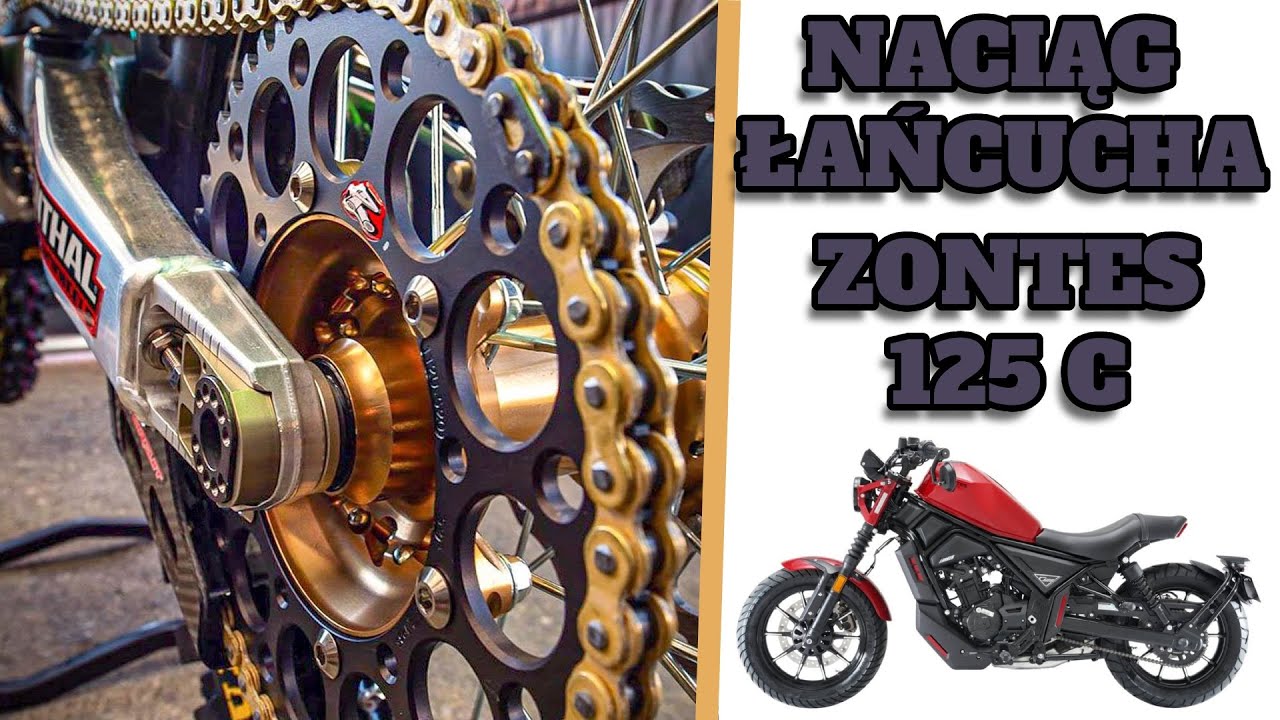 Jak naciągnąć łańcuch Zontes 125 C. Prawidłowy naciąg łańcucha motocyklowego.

= = = =

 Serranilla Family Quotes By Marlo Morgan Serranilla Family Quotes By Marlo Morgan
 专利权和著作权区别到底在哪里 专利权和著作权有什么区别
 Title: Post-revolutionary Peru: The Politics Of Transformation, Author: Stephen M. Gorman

= = = =

→ **Activity**
In the data above, which lines lie between the line with "专利权和著作权区别到底在哪里 专利权和著作权有什么区别" and the line with "Title: Post-revolutionary Peru: The", inclusive? Print those lines exactly and nothing else.

→ **Reply**
 专利权和著作权区别到底在哪里 专利权和著作权有什么区别
 Title: Post-revolutionary Peru: The Politics Of Transformation, Author: Stephen M. Gorman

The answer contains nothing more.